Aleppo: Conflicting reports about humanitarian corridors in the city

Syrian state media has said that dozens of families, as well as some opposition fighters, have started using newly opened “humanitarian corridors” to leave rebel-held parts of Aleppo, but conflicting reports from inside the besieged city have suggested that the passages have not yet been in operation.

State media broadcast footage on Saturday purporting to show civilians, mostly women and children, boarding buses to leave eastern Aleppo, in the first reported movement of people since Russia announced a plan to open up safe passages on Thursday.

“A number” of women over the age of 40 had left, in addition to the families, and were taken to shelters, according to the state news agency SANA.

SANA also said on Saturday that “armed men from eastern neighbourhoods of Aleppo” turned themselves over to army soldiers in Salaheddin district, without specifying a number, or giving further details.

Syrian state TV showed a video of a handful of supposed rebel fighters entering government territory carrying their weapons aloft, some with scarves wrapped around their faces.

“Clearly we are in the midst of a thing that we see all the time in Syria; a propaganda war that is ongoing alongside the actual war,” said Jamjoom.

The Britain-based Syrian Observatory for Human Rights also reported on Saturday that “a number” of civilians had crossed into government territory.

Freelance journalist Alaa Ebrahim told Al Jazeera he had personally witnessed hundreds of people using the corridors leaving rebel-controlled areas.

“Understandably, many people are afraid to leave and cross into other places after living for years under the control of the rebels,” he said. “Some fear prosecution, or have relatives who have been involved in some acts of violence against the government.”

Conflicting reports

The reports, however, were later contradicted by sources in Aleppo who told Al Jazeera that the corridors had not been opened, and civilians were still coming under fire.

“Everybody that we’ve spoken with, when it comes to opposition activists and residents in the rebel-held areas of Aleppo, have told us that these humanitarian corridors have not been opened,” Al Jazeera’s Mohamed Jamjoom, reporting from Gaziantep on the Turkish side of the Syria-Turkey border, said.

“Not only they have not been opened, but they say in several of the areas … in fact there is fighting still going on, and there are regime snipers as well that are shooting almost constantly.”

Sham network, one of the well-trusted opposition networks, said that the people who were said to be in the evacuation process are from the governement-held areas, and that they were all in a good state and with “brushed hair” unlike people who should be in a besieged area.

The Syrian Network for Human Rights (SNHR) said that the process was at the request of the Russian minister of defense which was followed by the current Syrian president. However, the Syrian society in areas outside the Syrian regime’s control don’t trust either of these two. If these passages were intended as safe passages for civilians, they should be supervised and executed by the United Nations and International Committee of the Red Cross with an escort team of independent journalists.

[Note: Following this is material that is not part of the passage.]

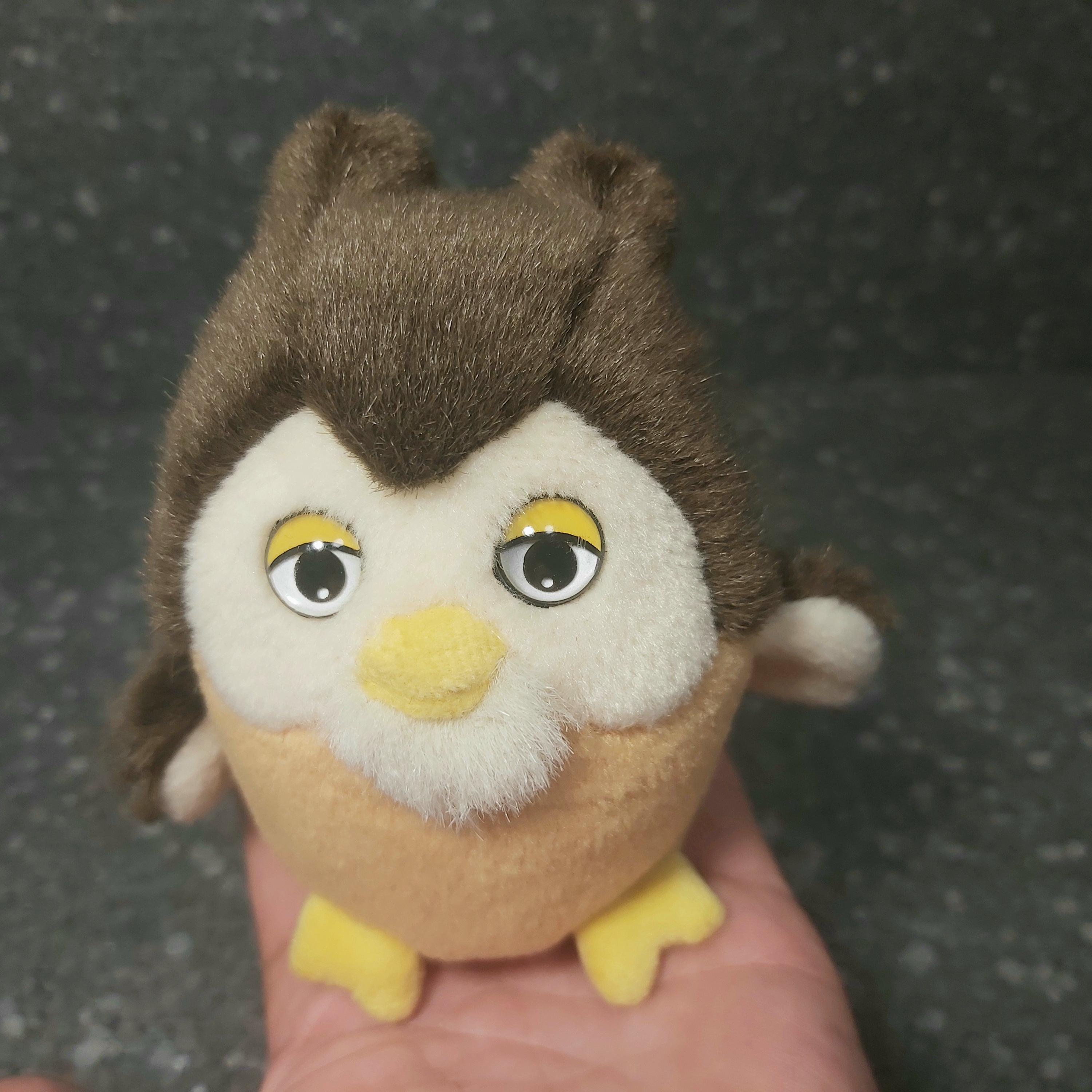 Owl plush. Vintage Owl Trudi Mini Collection. Owl stuffed plush. Owl vintage plush. Stuffed Owl Vint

The network added that: “In SNHR, have a bitter experience with familiar cases. We documented in previous reports how the residents of Old Homs neighborhoods were evacuated. Even though the settlement was between the Syrian regime and the armed men inside these neighborhoods and under the sponsorship of the United Nations, the Syrian regime betrayed the agreement as all of the residents were arrested and interrogated with in an insulting manner. Out of 1000 individuals, the Syrian regime only released 250 as the remaining 750 individuals have become forcibly disappeared.”

The network called the passages as ” Passages for Killing and Disappearance, and they will have the same Outcome as Passages in Old Homs.”